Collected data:
*** Block opens ***

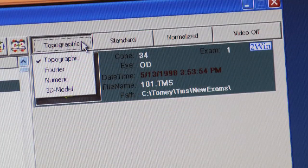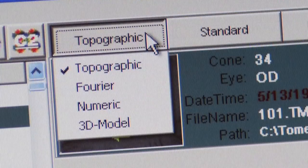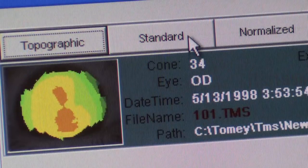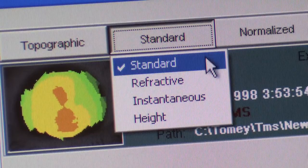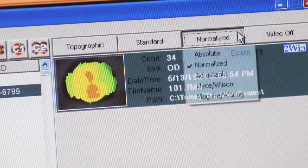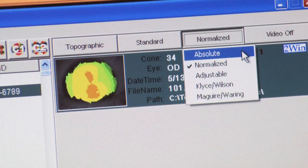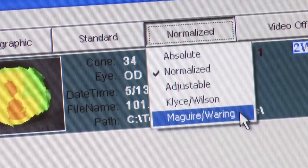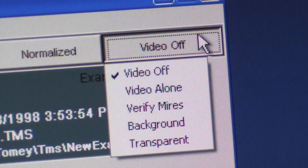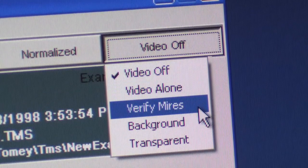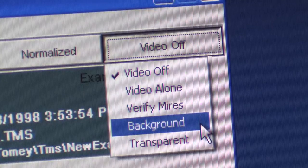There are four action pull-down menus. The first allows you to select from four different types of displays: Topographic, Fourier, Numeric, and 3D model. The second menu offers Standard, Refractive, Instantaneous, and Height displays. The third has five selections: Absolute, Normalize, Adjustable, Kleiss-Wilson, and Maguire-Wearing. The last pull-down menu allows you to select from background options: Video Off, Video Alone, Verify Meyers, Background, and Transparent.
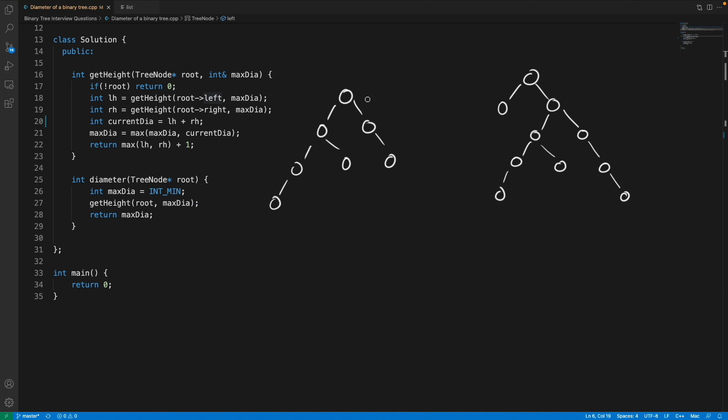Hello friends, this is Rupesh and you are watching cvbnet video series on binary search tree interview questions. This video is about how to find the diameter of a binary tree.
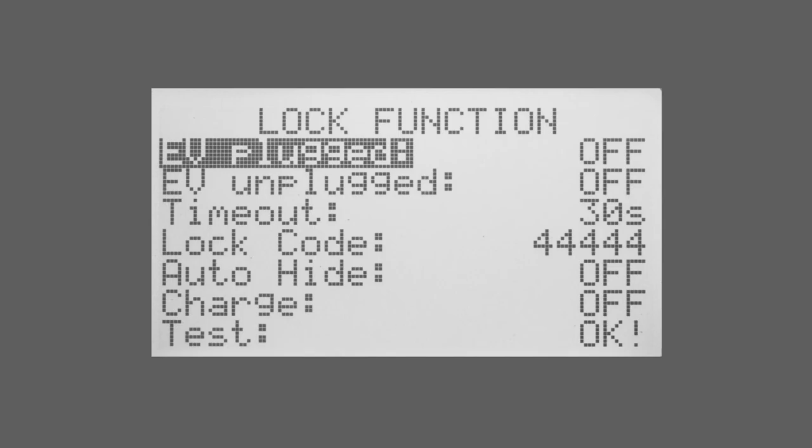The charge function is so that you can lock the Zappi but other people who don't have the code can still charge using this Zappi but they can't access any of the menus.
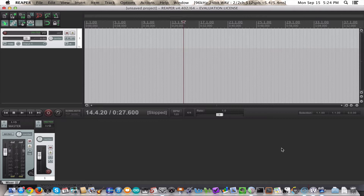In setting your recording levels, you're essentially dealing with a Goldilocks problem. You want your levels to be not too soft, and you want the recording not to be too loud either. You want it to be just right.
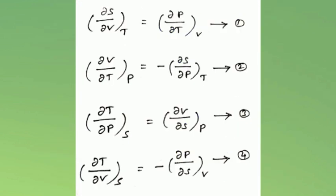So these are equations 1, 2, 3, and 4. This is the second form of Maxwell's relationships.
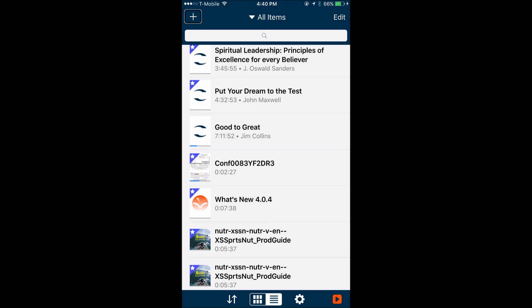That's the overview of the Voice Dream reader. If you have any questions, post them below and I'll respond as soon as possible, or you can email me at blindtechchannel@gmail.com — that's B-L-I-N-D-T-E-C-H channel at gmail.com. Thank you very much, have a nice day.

*** Block closes ***

§ **About this task**:
Retype the records above line for line and exactly, omitting their pictures.

§ **Output of the exercise**:
There are four action pull-down menus. The first allows you to select from four different types of displays: Topographic, Fourier, Numeric, and 3D model. The second menu offers Standard, Refractive, Instantaneous, and Height displays. The third has five selections: Absolute, Normalize, Adjustable, Kleiss-Wilson, and Maguire-Wearing. The last pull-down menu allows you to select from background options: Video Off, Video Alone, Verify Meyers, Background, and Transparent.
Hello friends, this is Rupesh and you are watching cvbnet video series on binary search tree interview questions. This video is about how to find the diameter of a binary tree.
The charge function is so that you can lock the Zappi but other people who don't have the code can still charge using this Zappi but they can't access any of the menus.
In setting your recording levels, you're essentially dealing with a Goldilocks problem. You want your levels to be not too soft, and you want the recording not to be too loud either. You want it to be just right.
So these are equations 1, 2, 3, and 4. This is the second form of Maxwell's relationships.
That's the overview of the Voice Dream reader. If you have any questions, post them below and I'll respond as soon as possible, or you can email me at blindtechchannel@gmail.com — that's B-L-I-N-D-T-E-C-H channel at gmail.com. Thank you very much, have a nice day.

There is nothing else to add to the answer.